In seiner Bewegungsfähigkeit im Straßenverkehr ist erheblich beeinträchtigt, wer infolge einer Einschränkung des Gehvermögens auch durch innere Leiden oder infolge von Anfällen oder von Störungen der Orientierungsfähigkeit nicht ohne erhebliche Schwierigkeiten oder nicht ohne Gefahren für sich oder andere Wegstrecken im Ortsverkehr zurückzulegen vermag, die üblicherweise noch zu Fuß zurückgelegt werden.
Bei der Prüfung der Frage, ob diese Voraussetzungen vorliegen, kommt es nicht auf die konkreten örtlichen Verhältnisse des Einzelfalles an, sondern darauf, welche Wegstrecken allgemein - d. h. altersunabhängig von Nichtbehinderten - noch zu Fuß zurückgelegt werden.
Nach der Rechtsprechung gilt als ortsübliche Wegstrecke in diesem Sinne eine Strecke von etwa zwei Kilometern, die in etwa einer halben Stunde zurückgelegt wird.
Eine erhebliche Beeinträchtigung der Bewegungsfähigkeit im Straßenverkehr liegt z.B. bei Einschränkungen des Gehvermögens vor, die
- von den unteren Gliedmaßen und/ oder von der Lendenwirbelsäule ausgehen und
- für sich allein mindestens einen GdB von 50 ausmachen.
Wenn diese Behinderungen der unteren Gliedmaßen sich auf die Gehfähigkeit besonders auswirken, z. B. bei Versteifung des Hüft-, Knie oder Fußgelenks in ungünstiger Stellung oder arteriellen Verschlusskrankheiten, kann eine erhebliche Beeinträchtigung der Bewegungsfähigkeit im Straßenverkehr ab einem GdB von 40 angenommen werden. (In diesem Fall wird ein Ausweis mit dem Merkzeichen "G" selbstverständlich nur dann ausgestellt, wenn der Gesamt - GdB aufgrund zusätzlicher Behinderungen mindestens 50 beträgt.)
Aber auch bei inneren Leiden kann die Bewegungsfähigkeit im Straßenverkehr erheblich beeinträchtigt sein (z.B. bei schweren Herzschäden, dauernder Einschränkung der Lungenfunktion, hirnorganischen Anfällen, Zuckerkranken, die unter häufigen Schocks leiden).
Die Voraussetzung kann auch erfüllt sein, wenn die Orientierungsfähigkeit des Behinderten erheblich gestört ist (z.B. bei Sehbehinderten ab einem GdB von 70, bei Gehörlosen mit Sehbehinderung oder bei erheblich geistig Behinderten   

Merkzeichen aG

Das Merkzeichen "aG" ist nur zuzuerkennen, wenn wegen außergewöhnlicher Behinderung beim Gehen die Fortbewegung auf das schwerste eingeschränkt ist; die Beeinträchtigung des Orientierungsvermögens allein reicht nicht aus.
Als Schwerbehinderte mit außergewöhnlicher Gehbehinderung sind solche Personen anzusehen, die sich wegen der Schwere ihres Leidens dauernd nur mit fremder Hilfe oder nur mit großer Anstrengung außerhalb ihres Kraftfahrzeuges bewegen können.

Hierzu zählen:
Als Erkrankungen der inneren Organe, die eine solche Gleichstellung rechtfertigen, sind beispielsweise Herzschäden oder Krankheiten der Atmungsorgane, sofern die Einschränkung der Lungenfunktion oder der Herzleistung für sich allein einen GdB von wenigstens 80 bedingen.
Das Versorgungsamt erkennt das Merkzeichen "aG" nur dem Antragsteller zu, der die og.
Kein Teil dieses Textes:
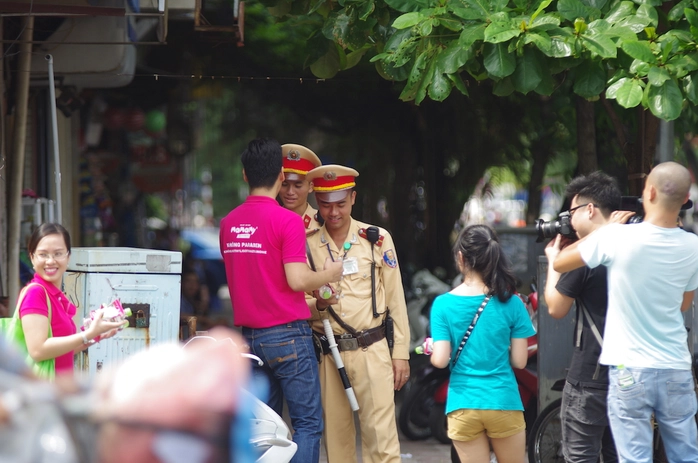 MC Phan Anh không quên phát khăn ướt và nước uống cho các Cảnh sát giao thông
Voraussetzungen erfüllt. Es reicht z.B. nicht aus, wenn der Antragsteller wegen der Teilentfernung des Darmes an Stuhlinkontinenz leidet und seine Fortbewegungsmöglichkeit erheblich dadurch eingeschränkt ist, weil er innerhalb kürzester Zeit auf eine Toilette angewiesen ist,
wenn der Antragsteller an einer erheblichen Versteifung des Hüftgelenkes und deformverheiltem Bruch des Oberschenkels leidet, so dass er deshalb auf öffentlichen Parkplätzen mit üblichen Abmessungen seine Pkw-Tür nicht vollständig öffnen kann.
Nach der Rechtsprechung darf die Annahme einer außergewöhnlichen Gehbehinderung nur auf eine Einschränkung der Gehfähigkeit und nicht auf Bewegungsbehinderungen anderer Art bezogen werden. Bei der Frage der Gleichstellung von Behinderten mit Schäden an den unteren Gliedmaßen ist zu beachten, dass das Gehvermögen auf das Schwerste eingeschränkt sein muss und deshalb als Vergleichsmaßstab am ehesten das Gehvermögen eines Doppeloberschenkelamputierten heranzuziehen ist. Dies gilt auch, wenn Gehbehinderte einen Rollstuhl benutzen: Es genügt nicht, dass ein solcher verordnet wurde; der Betroffene muss vielmehr ständig auf den Rollstuhl angewiesen sein, weil er sich sonst nur mit fremder Hilfe oder nur mit großer Anstrengung fortbewegen kann.

Merkzeichen B

- Notwendigkeit ständiger Begleitung -

Ständige Begleitung ist bei schwerbehinderten Menschen (bei denen die Voraussetzungen für die Merkzeichen „G" oder "aG" oder „H" vorliegen) notwendig, die infolge ihrer Behinderung zur Vermeidung von Gefahren für sich oder andere bei Benutzung von öffentlichen Verkehrsmitteln regelmäßig auf fremde Hilfe angewiesen sind. Dementsprechend ist zu beachten, ob bei der Benutzung Öffentlicher Verkehrsmittel regelmäßig fremde Hilfe beim Ein- und Aussteigen oder während der Fahrt des Verkehrsmittels notwendig ist oder bereit sein muss oder ob Hilfen zum Ausgleich von Orientierungsstörungen
(z.B. bei Sehbehinderung, geistiger Behinderung) erforderlich sind.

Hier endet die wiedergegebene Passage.